Wolf Committee Results

It was quite a while ago that I went through the thought process that convinced me that Ebert’s Method needed the KP-transformation rather than dealing with raw scores, but thinking about it again now, it was largely because if a candidate was elected with mainly less-than-max scores, then the voters would still have the same load as if they’d given a max score. For a really simple example, all voters could vote the same way (max 10, 2 to elect):

All voters: A=10, B=10, C=1, D=1

For any candidate that gets elected, the load would be spread equally among the voters, so CD would be the same as AB. It has to be that way for the total load to be spread out among the voters. So the KP-transformation (or something like it) is needed to make it known that C and D each only have a tenth of the support. I know you could argue that in practice there will be a range of scores for each candidate and it’s unlikely to make much difference overall, but it just says to me that it’s not The Right Way, so to speak.
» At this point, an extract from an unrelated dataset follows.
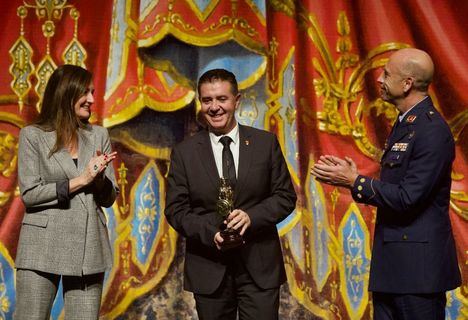 Santiago Cabañero recoge la distinción del Ala 14 a la Diputación en la clausura de los actos en torno al 50º aniversario de la Unidad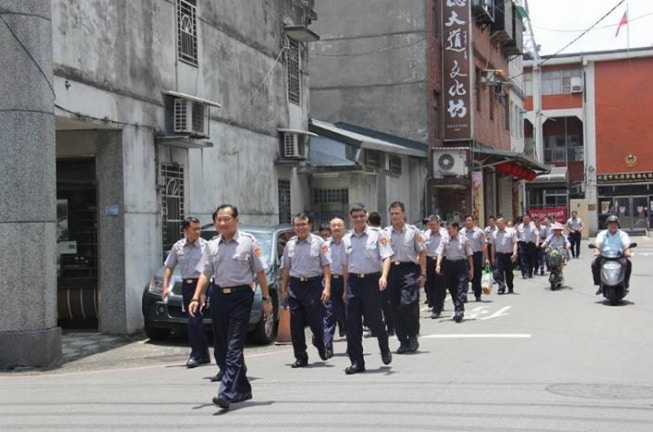 台灣警察節 60警察包圍麥當勞警員 廿年來首穿制服食漢堡 香港01 熱爆話題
That is a very valid point. It seems we are in a bit of a weird bind

Without the KP transform the total score is lost in the normalization. The metric is really only checking for the variance of the support across voter so this is somewhat an “as designed” problem.

With the KP transform each voter is split into MAX_SCORE number of voters. The metric then checks for the variance along the split voters not along the voters themselves. The voters could be reconstructed as the sum of the squares of their scores but this seems somewhat unnatural. There must be a better way to move to score.

Is there a way we could translate this into the more common framework we have been been putting each voter into so far. For example consider the following steps:

  1. Select Score winner
  2. Calculate the deviation from the ideal load C/V for each voter ie C/V-load
  3. Set ballot weight to C/V-load
  4. Return to step 1

Maybe we do not want to have negative ballot weights. You could just take people out of influencing the election once they get C/V by setting the ballot weight to Max(C/V-load,0). I know this is pretty far from the original system but it might just be the case that Eberts method is really only suited as an Optimal Approval system. Thoughts?

It might seem intuitively unnatural, but I think it works well in practice, and I would argue that it makes RRV better as well, and also converts psi voting into harmonic voting, which reduces to score voting for a single winner (which I see as a good thing). It also generally preserves what I think it should preserve - primarily scale invariance and Pareto domination. I don’t think splitting voters in this way causes the loss of any important information that could cause bad results. But basically I don’t consider the fact that it seems unnatural as a significant negative.

Because of what I put above, I’d deem it unnecessary to make changes. Certainly from the perspective of the KP-transformation, but if it’s too awkward to code then obviously that’s another matter.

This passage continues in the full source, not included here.